## Directions:
With images excluded, write out each entry below exactly as given.

## The data:
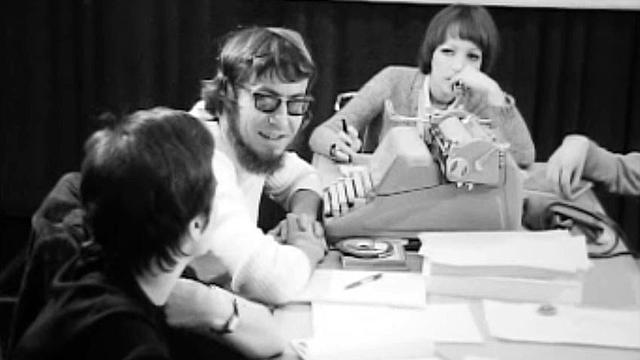 Jean-Charles et son équipe préparent le journal de midi de la Radio en 1972. [RTS]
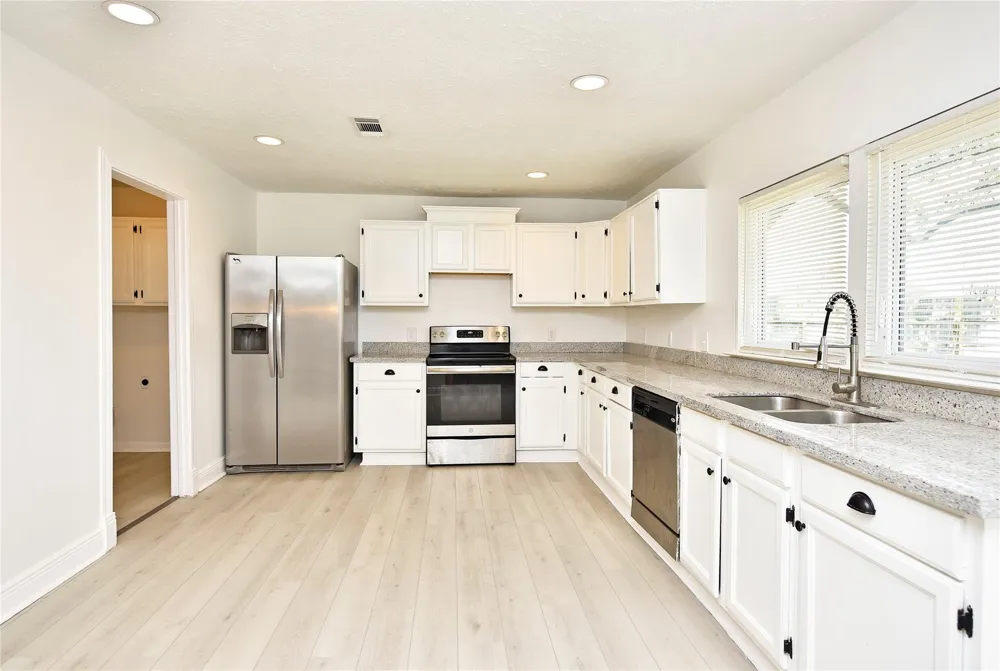 2207 Woodglen Drive Missouri City, TX 77489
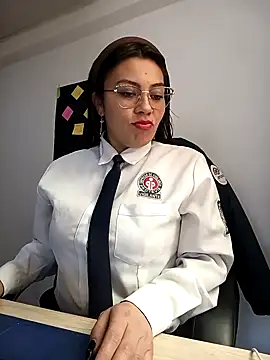 LIZ-06  online show from 10/23/25, 03:32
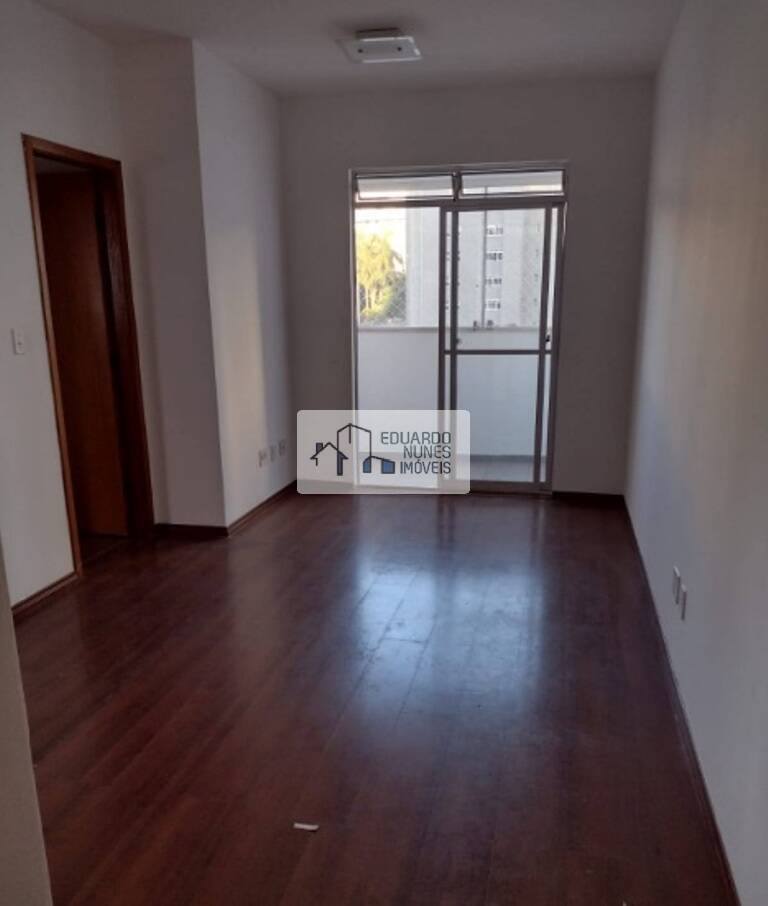 Apartamento à venda com 3 quartos, 70m² - Foto 4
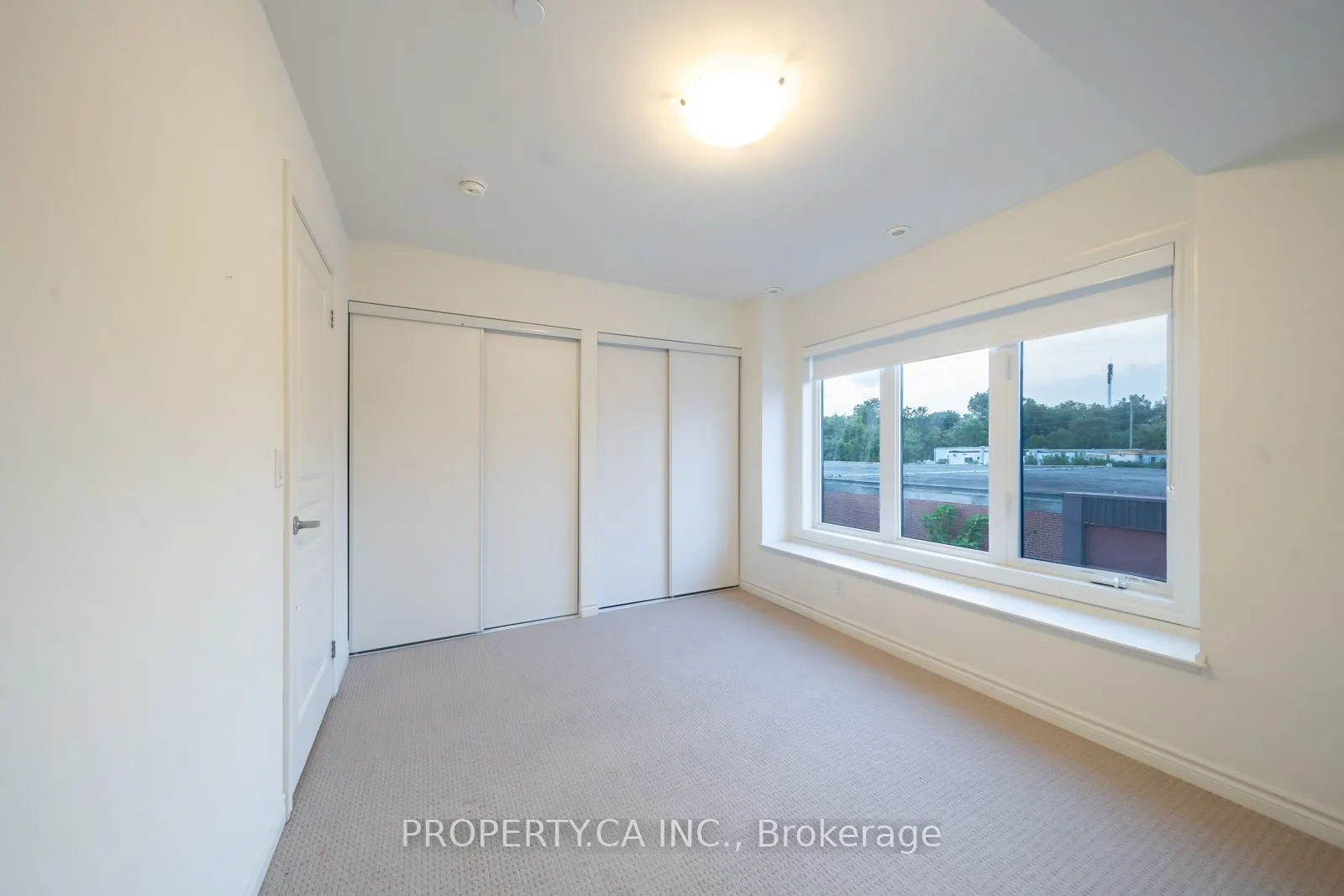 80 Eastwood Park Gardens, #9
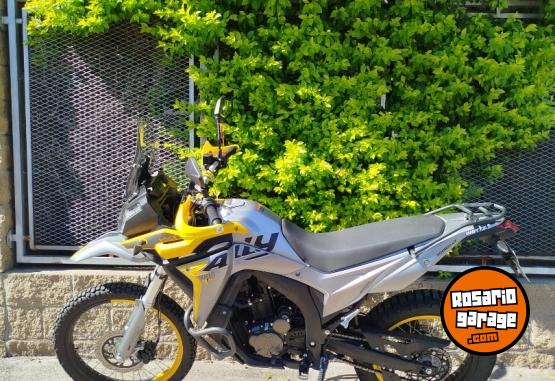 Motos - Voge RALLY 300CC 2024 Nafta 2560Km - En Venta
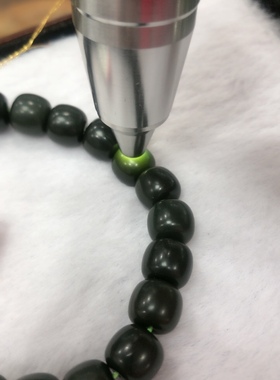 和田玉黑青玉手串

## Written response:
 Jean-Charles et son équipe préparent le journal de midi de la Radio en 1972. [RTS]
 2207 Woodglen Drive Missouri City, TX 77489
 LIZ-06  online show from 10/23/25, 03:32
 Apartamento à venda com 3 quartos, 70m² - Foto 4
 80 Eastwood Park Gardens, #9
 Motos - Voge RALLY 300CC 2024 Nafta 2560Km - En Venta
 和田玉黑青玉手串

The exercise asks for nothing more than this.